Professor Graeme Samuel has delivered a detailed and comprehensive roadmap for reform. This is despite the distraction of the concurrent political process involving a proposed Bill to devolve environmental powers to states & territories before the review had concluded. In over 250 pages, the report includes 12 themed chapters and makes 38 recommendations. 

Ultimately the report recommends re-writing the inadequate national law.  

New national environmental standards are the centrepiece of Prof. Samuel’s vision, but he notes that standards alone are not enough to reverse trajectories of environmental decline. There is a commendable level of detail in the final report on core concepts such as the national environmental standards and recommendations for immediate reform, but also a significant number of complex policy issues and ideas flagged for future reform that need to be fully explored, consulted upon and developed in the coming months. The final report is the catalyst for critical conversations about how to make and implement new laws to arrest our environmental decline.  

Here is our summary of the top 10 report findings and recommendations:

  1. The EPBC Act has failed to achieve its objectives and needs a complete overhaul. It should be re-written into a new Act or Acts. The report states: Australia’s natural environment and iconic places are in an overall state of decline and are under increasing threat. The environment is not sufficiently resilient to withstand current, emerging or future threats, including climate change. The environmental trajectory is currently unsustainable. The EPBC Act does not clearly outline its intended outcomes, and the environment has suffered from two decades of failing to continuously improve the law and its implementation. 
  2. The centrepiece of a reformed national system are new legally enforceable national environmental standards. The report specifically provides a number of proposed standards – developed with input from a consultative group of stakeholders and experts including EDO – to be implemented immediately. These include standards for matters of national environmental significance (such as world heritage, threatened species, wetlands, migratory species), Indigenous engagement and participation, compliance and enforcement, and data and information (see Appendix B); with recommendations for immediate development of a full suite of detailed standards. The standards are to be enforceable and applied at all scales by all relevant decision makers. 
  3. While stopping short of recommending a completely independent regulator body, new independent oversight and assurance bodies and mechanisms are proposed to ensure new national standards are implemented consistently and effectively. These include: a new Assurance Commissioner that is to be free from political interference and publish timely performance audits on how the standards are being implemented, an Office of Compliance & Enforcement with a full tool kit of enforcement powers (housed in the Department of Agriculture, Water & Environment), transparent audit and reporting requirements and standards, and new oversight committees (for Indigenous engagement & participation, biodiversity conservation, heritage, water resources, with an overarching Ecologically Sustainable Development Committee).

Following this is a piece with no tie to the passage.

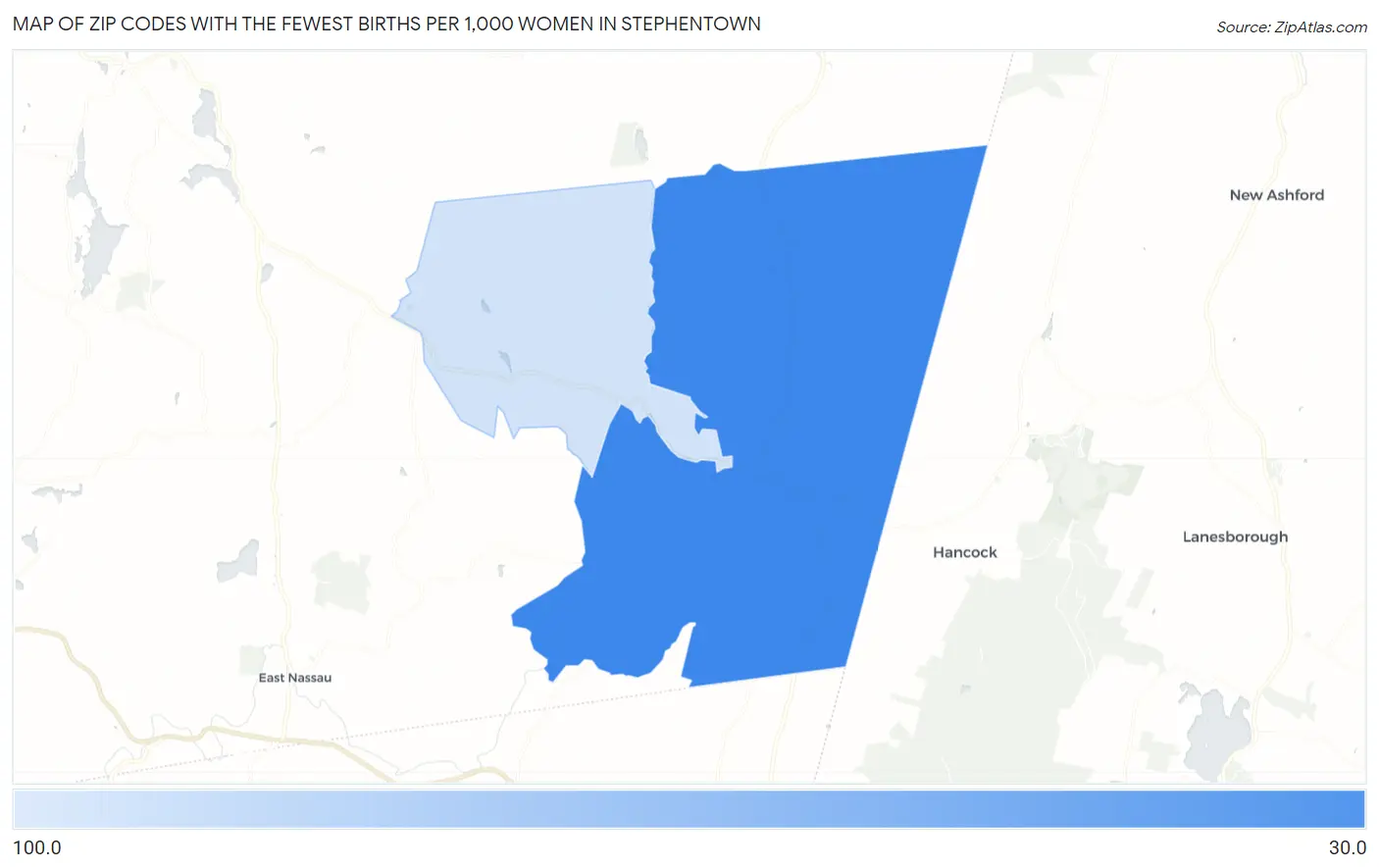 Zip Codes with the Fewest Births per 1,000 Women in Stephentown Map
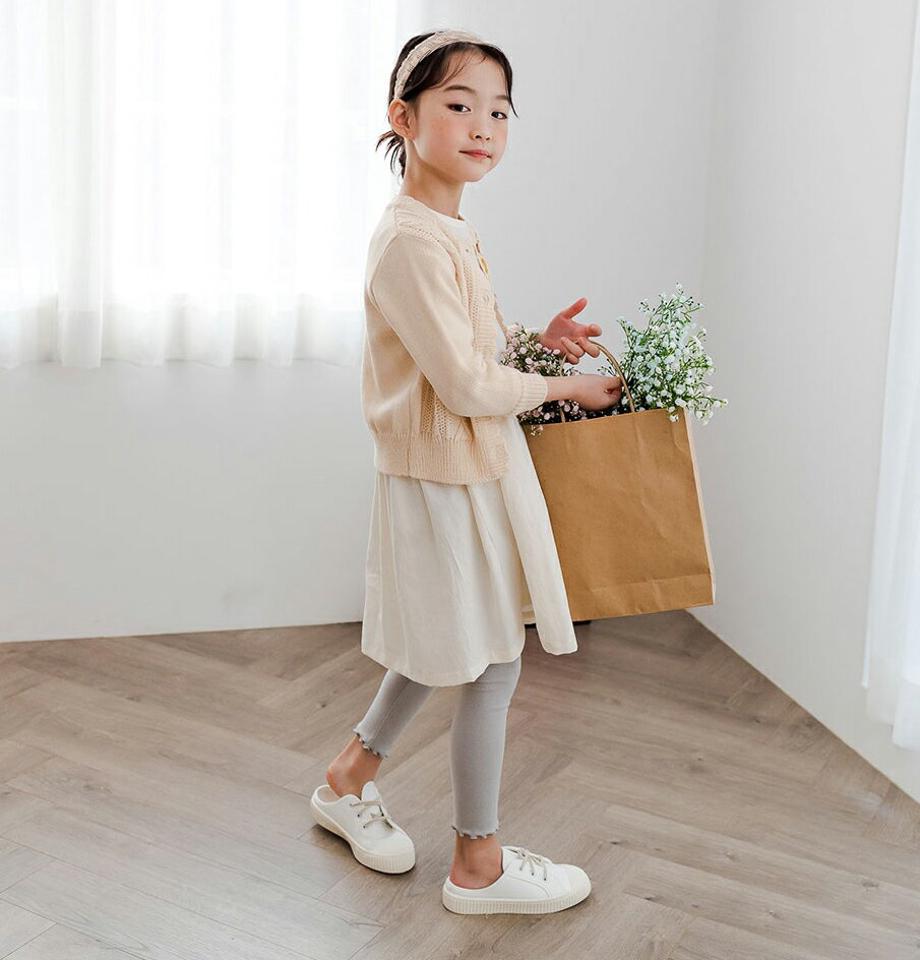 モチーフコットンワンピース・u11010 キッズ【3~8才】【ops】【ワンピース ミディ丈 ミディワンピース 長袖 レース コットン 綿 可愛い かわいい ガーリー 女の子 秋 冬 韓国 韓国子供服 子供 こども 子供服 こども服】【KIDS】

Like the national standards, Graeme Samuel stipulates that the necessary oversight and assurance mechanisms be established immediately in the first tranche of the reform process. 
  4. Indigenous-led reform is to be galvanised to significantly improve Indigenous engagement and participation in decision-making, protection of cultural heritage and land management. The report also recommends that national-level laws for Indigenous cultural heritage protection require immediate and comprehensive review. EDO strongly agrees with this recommendation. 
  5. Vastly improved data and information systems are to underpin more efficient and accurate processes – from impact assessment to decision-making to planning to monitoring, evaluation and reporting. Information is to be publicly available, meaning valuable data will no longer be unavailable under commercial-in-confidence barriers and can be shared and used for a range of purposes – including to track effectiveness of the laws. The report recommends: a new data and information standard; appointing an information ‘supply chain Custodian’ to oversee reforms to ensure best available information and evidence is delivered when and where it is needed to support efficient processes; and designating (and maintaining) a set of national environmental information assets. 
  6. Any state, territory, decision-maker or authority who wishes to be accredited to make decisions must be able to demonstrate they can meet the full suite of national environmental and assurance standards. The report notes previous failure of accreditation in recommending that the EPBC Act exemption for actions under failed Regional Forestry Agreements be repealed. The report recommends a new staged accreditation model to replace bilateral agreements and makes it clear that the Commonwealth retains step in powers and “the unfettered right to make decisions, even where an accredited arrangement is in place and working well.” It is noted that states and territories would need to reform their laws to meet the full suite of new national environmental and assurance standards. 
  7. Cumulative impacts are to be better assessed and addressed through new national and regional plans and multi-party investment in restoration. The planning recommendations refer to new national plans, Ecologically Sustainable Development plans (akin to bioregional plans) and focuses on regional recovery plans (rather than for individual species). The recommendations relating to restoration include reforming biodiversity offsets policy to require ‘ecologically feasible’ upfront offset requirements in law. 
  8. It is intended that a new system based on clear standards, assurance oversight, improved transparency and information, and effective compliance and enforcement will reduce the need for third party legal challenges. These rights are confirmed as fundamental to democracy[i] and the report recommends retaining extended standing for third parties to bring legal proceedings and recommends a new pathway of merits review [ii] – focusing on outcomes rather than process. The recommendations on expanding merits review and retaining legal standing by Professor Samuel confirm the important role of public interest cases and reject the ‘lawfare’ furphy. 
  9. While not recommending a climate change ‘trigger’ (ie, that projects emitting certain levels of greenhouse gases require federal assessment and approval), the report does recommend standards be developed to require development proposals to explicitly consider the likely effectiveness of avoidance or mitigation measures on nationally protected matters under specified climate change scenarios, and transparently disclose the full emissions of the development. (In discussing the scope of the Act, the report also recommends retaining the nuclear actions trigger, but redesigning the water trigger to focus on actions with potential cross boundary impacts on water resources). 
  10. The proposed reforms are an interrelated and interdependent package of reforms. Professor Samuel has made it quite clear that it will not be sufficient for the Government to ‘cherry pick’ devolution reforms (ie, as proposed in the Bill before the Senate) without first establishing the necessary legal architecture to ensure legally enforceable national standards, oversight, assurance, Indigenous engagement, data and information, compliance and enforcement, resourcing, capability and capacity to reverse Australia’s declining environment.  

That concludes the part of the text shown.